- Work to complete
Restate the listing below word for word; no pictures belong in the copy.

- Input data
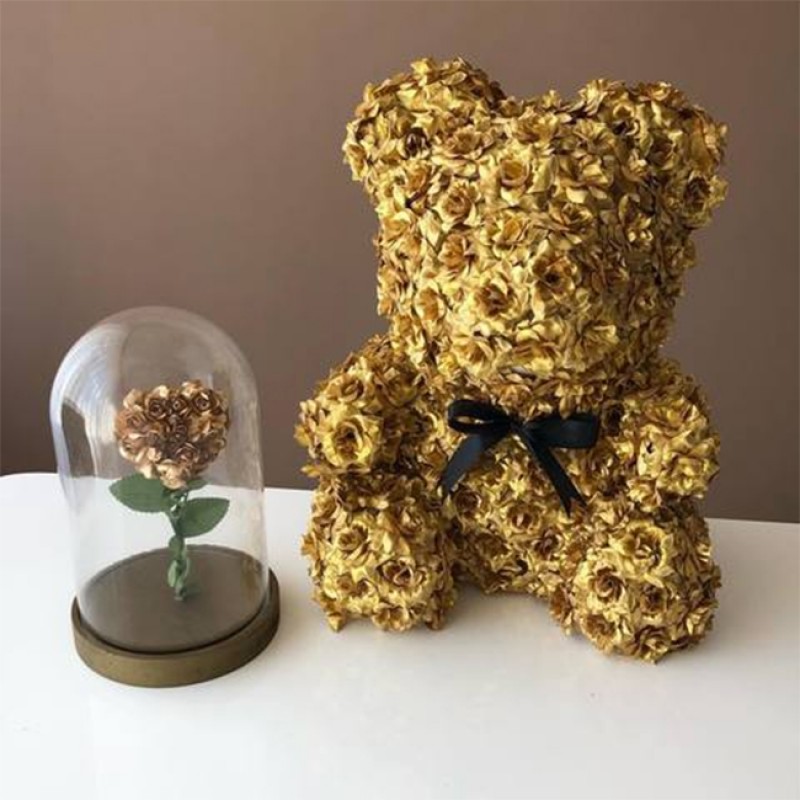 Golden Rose Teddy Bear Flower Bear Best Gift for Mother's Day, Valentine's Day, Anniversary, Weddings and Birthday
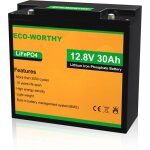 Eco - worthy - batterie au lithium 12v 30ah lifepo4 rechargeable avec cycle profond de plus de 3000 fois ...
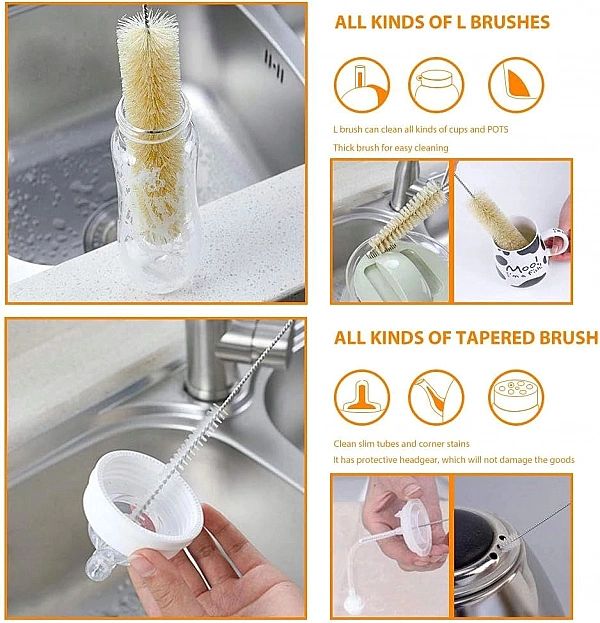 Szczotki do czyszczenia butelek, słoików, kubków, słomek 9 szt. Mastho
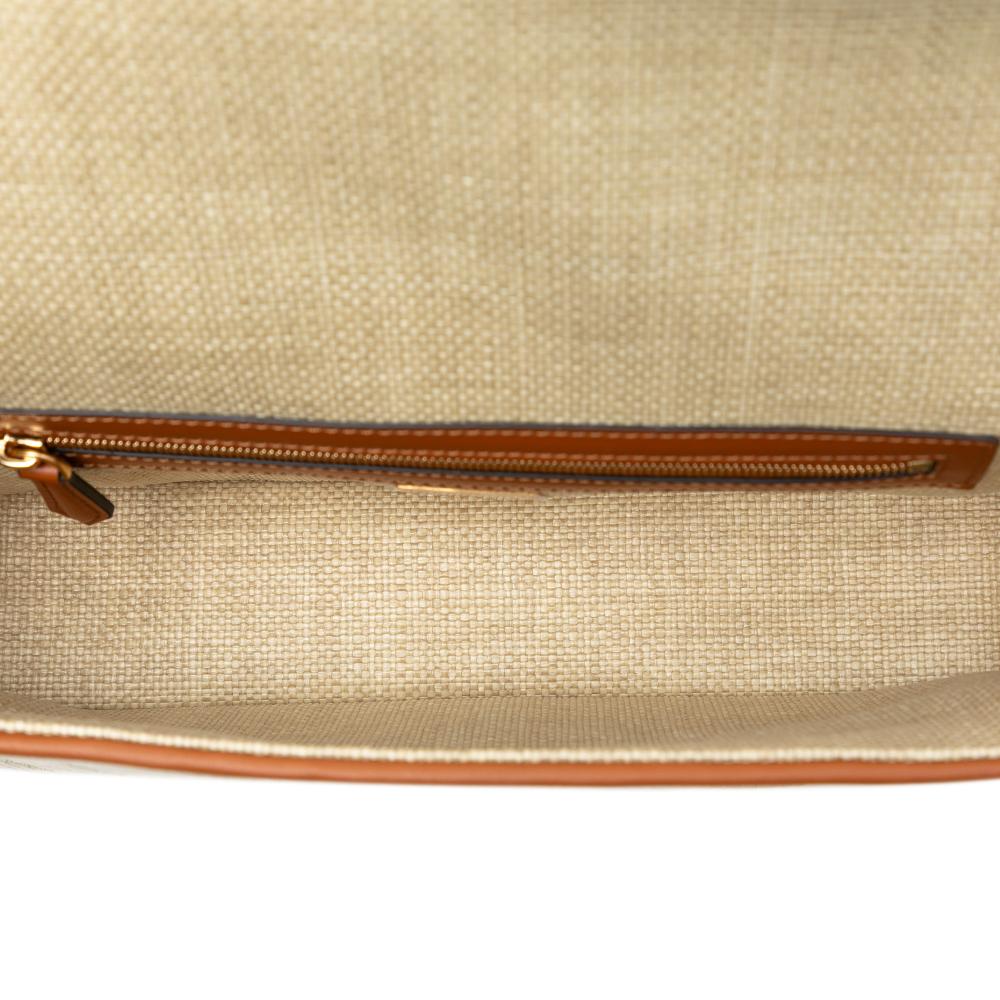 Fendi AB Fendi Brown Beige Raffia Natural Material Zucca Embroidered Baguette Satchel Italy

- Output below
 Golden Rose Teddy Bear Flower Bear Best Gift for Mother's Day, Valentine's Day, Anniversary, Weddings and Birthday
 Eco - worthy - batterie au lithium 12v 30ah lifepo4 rechargeable avec cycle profond de plus de 3000 fois ...
 Szczotki do czyszczenia butelek, słoików, kubków, słomek 9 szt. Mastho
 Fendi AB Fendi Brown Beige Raffia Natural Material Zucca Embroidered Baguette Satchel Italy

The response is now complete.